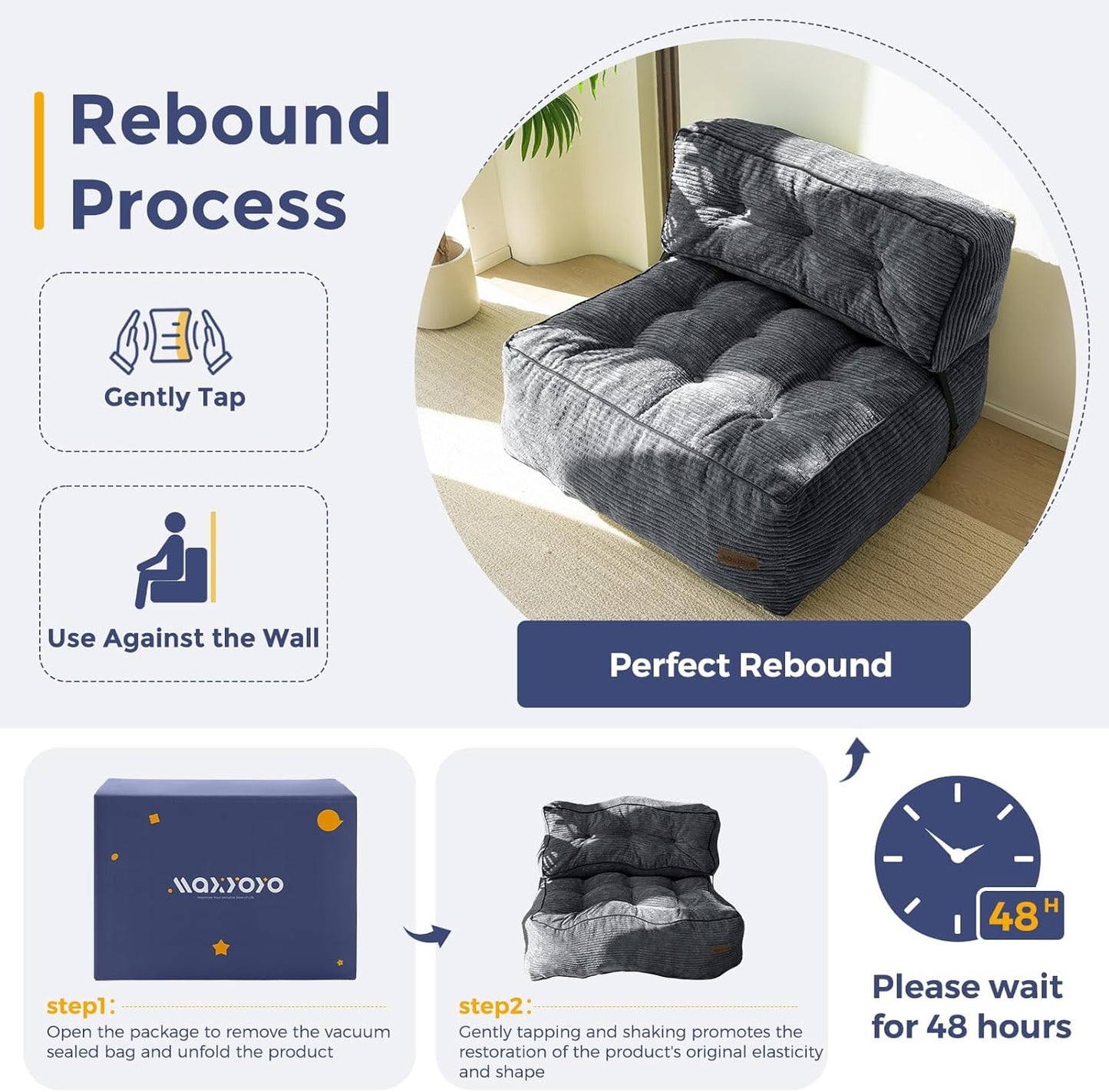 MAXYOYO Floor Sofa Bean Bag Sofa Couch, Comfy Floor Couch with Back Support, Portable Bean Bag with Filling, Corded Chair Seating for Living Room Bedroom Apartment, Dark Grey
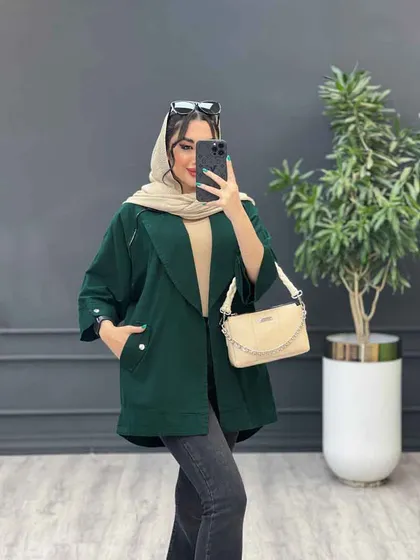 مانتو جلو زیپ آستین پاگن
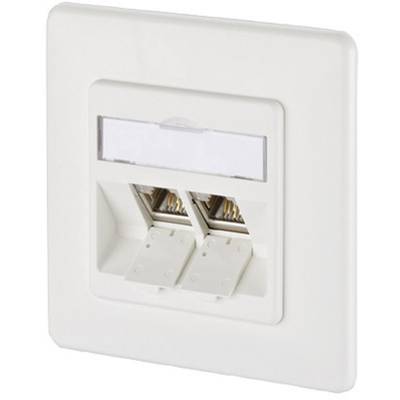 Double wall-mounted LAN socket in white with two RJ45 ports, suitable for network connections in offices or homes.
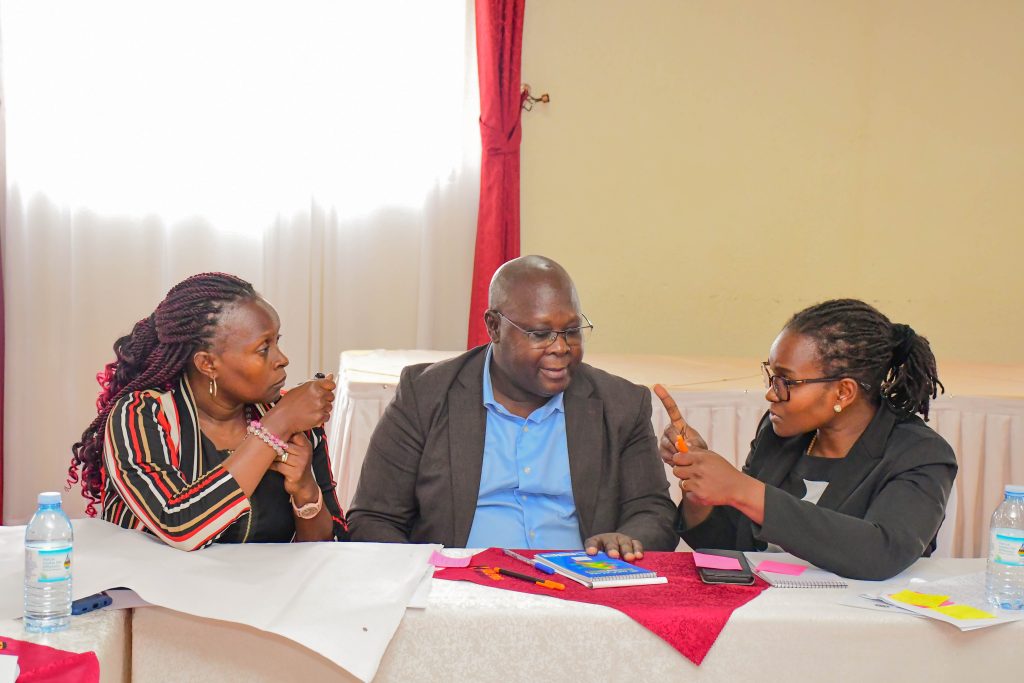 Participants sharing insights and experience during the group sessions. Delphi workshop providing a collaborative platform for dialogue on standardisation and harmonisation of Higher Education Access Programmes (HEAP) across institutions, alongside strategies for portability and verification on demand through a HEAP Digital Passport funded by Education Beyond Borders, conducted by researchers from Makerere University and the University of Edinburgh convened 17th December 2025, Kampala Kolping Hotel, Uganda, East Africa.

◆ About this task ◆
What you return must match, character for character, the lines above from the one with "مانتو جلو زیپ آستین پاگن" through the one with "Double wall-mounted LAN", minus any pictures.

◆ Task response ◆
 مانتو جلو زیپ آستین پاگن
 Double wall-mounted LAN socket in white with two RJ45 ports, suitable for network connections in offices or homes.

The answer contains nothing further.